In 886, Wang Chao, the leader of a roving army that had originated from Guang Prefecture (光州 in modern Xinyang, Henan), captured Quan Prefecture and killed its then-prefect Liao Yanrou (廖彥若). However, hearing of Chen's might, Wang did not dare to attack Fu Prefecture, and sent messengers to submit to Chen. Chen made Wang the prefect of Quan Prefecture.

In 891, Chen Yan fell ill. He sent messengers to summon Wang Chao, intending to entrust the circuit to him. However, before Wang could arrive, Chen died. Chen's brother-in-law Fan Hui (范暉) persuaded the soldiers to support him, and Fan and Wang subsequent engaged in several years of warfare.
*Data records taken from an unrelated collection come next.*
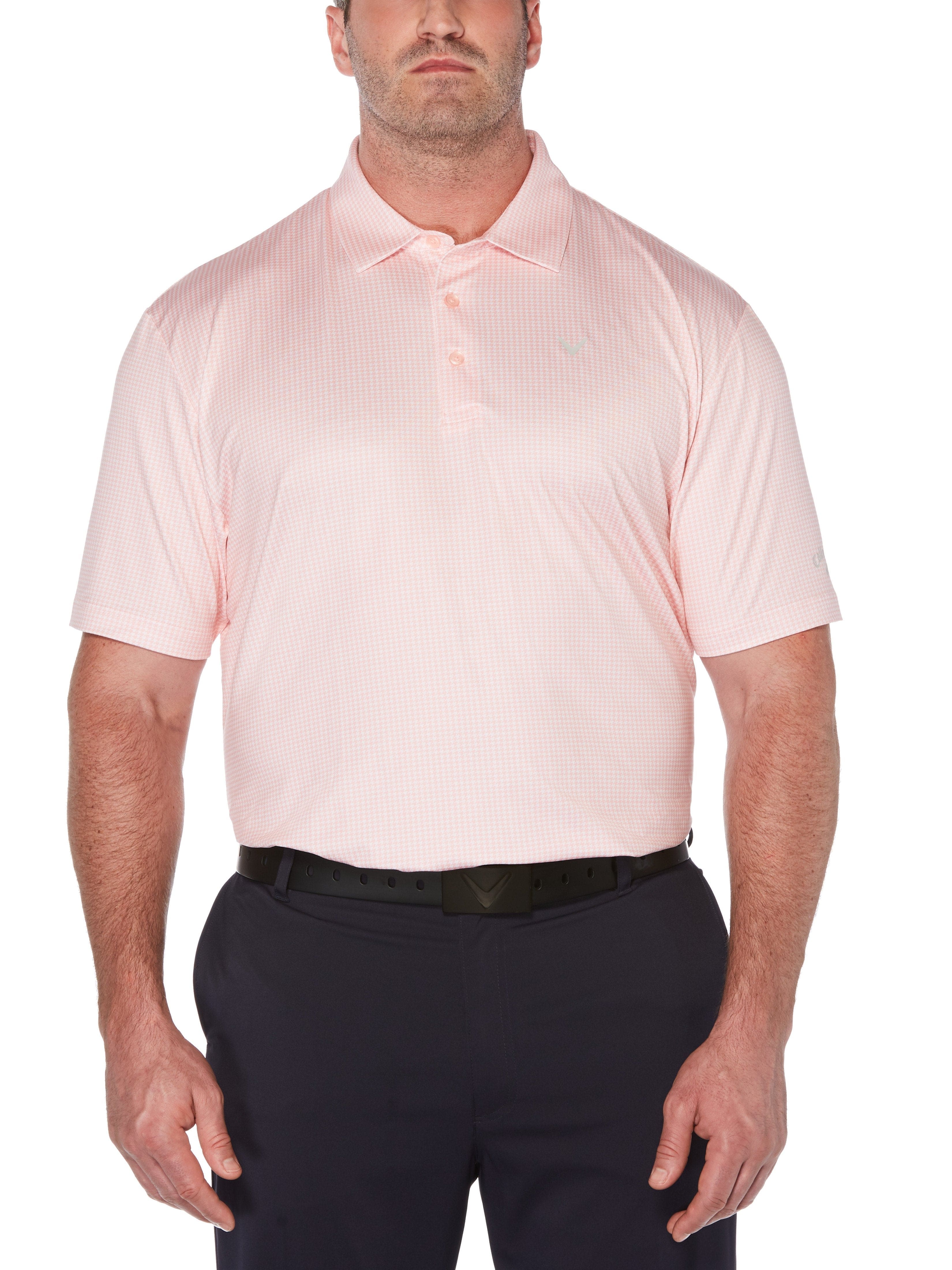 Big & Tall Houndstooth Printed Polo Shirt for Men - Comfortable Casual Wear for Office, Golf & Business Events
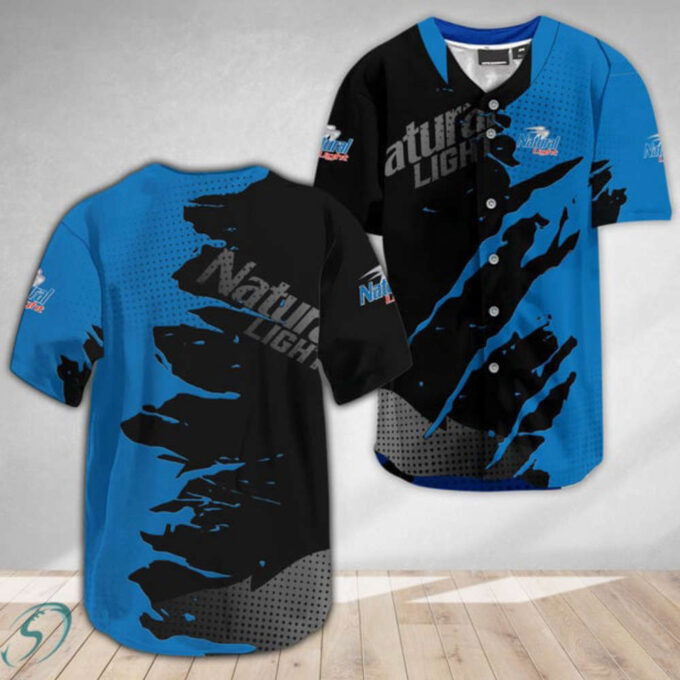 Crack Pattern Baseball Jersey: Natural Light Beer Metal Design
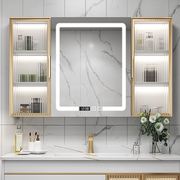 北欧简约橡木智能镜柜茶色玻璃门卫生间，实木收纳储物柜卫生间镜箱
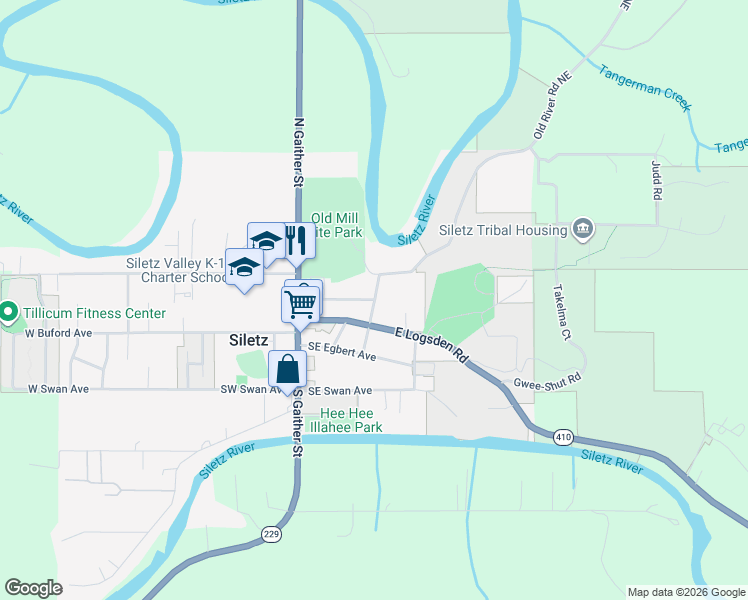 map of restaurants, bars, coffee shops, grocery stores, and more near 117 Northeast Palmer Street in Siletz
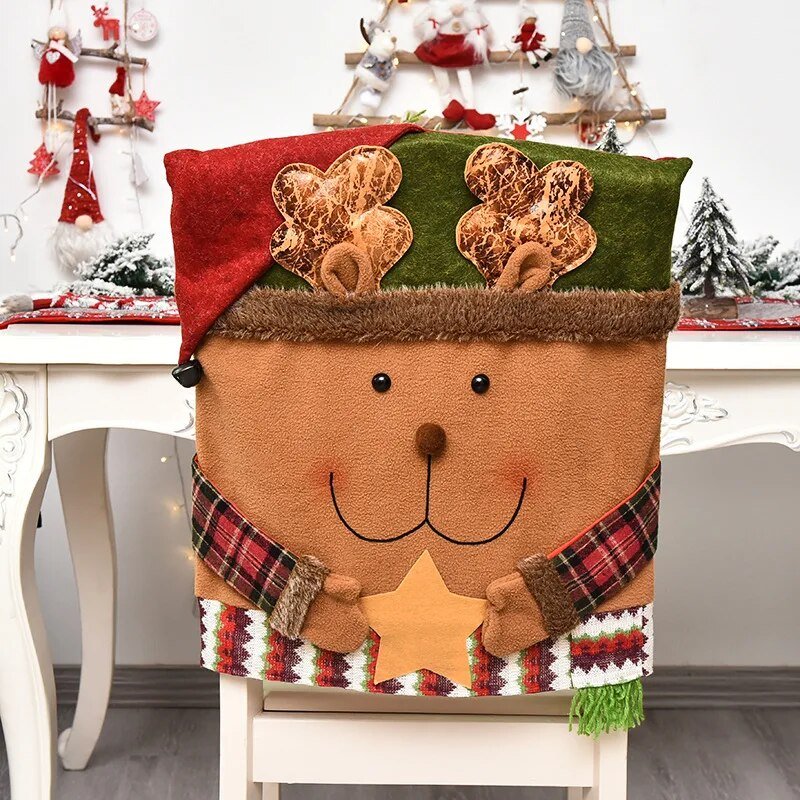 Housses-de-chaise-de-salle-à-manger-de-Noël-ours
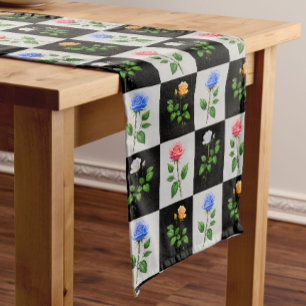 Checkered Multicolored Rose Floral Design Short Table Runner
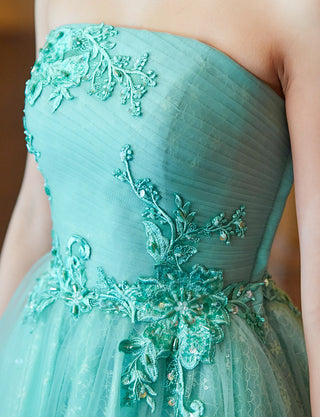 TWEED DRESS(ツイードドレス)のペールグリーンロングドレス・チュール｜TN2006-PGNの上半身装飾拡大画像です。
In 893, Fu Prefecture fell to the siege by Wang's cousin Wang Yanfu (王彥復) and brother Wang Shenzhi, and Fan was killed in flight. Wang took over the circuit governorship. He buried Chen with respect, and gave a daughter in marriage to Chen's son Chen Yanhui (陳延晦).

==Family==
Chen's eldest son was subsequently revered as the "God of Yanyu in Fuzhou" (福州演屿神 Fuzhou Yanyu Shen). He is credited with miraculously saving Lu Yundi (路允迪) on his 1122 delegation to Korea to pay formal respects upon the death of its king Yejong and to replace the Liao as the formal suzerains investing his successor Injong. The God of Yanyu's temple was subsequently known as the Zhaoli ("Manifesting Merit") Temple by imperial proclamation. The miracle was also credited to Mazu, the deified form of the Meizhou shamaness Lin Moniang.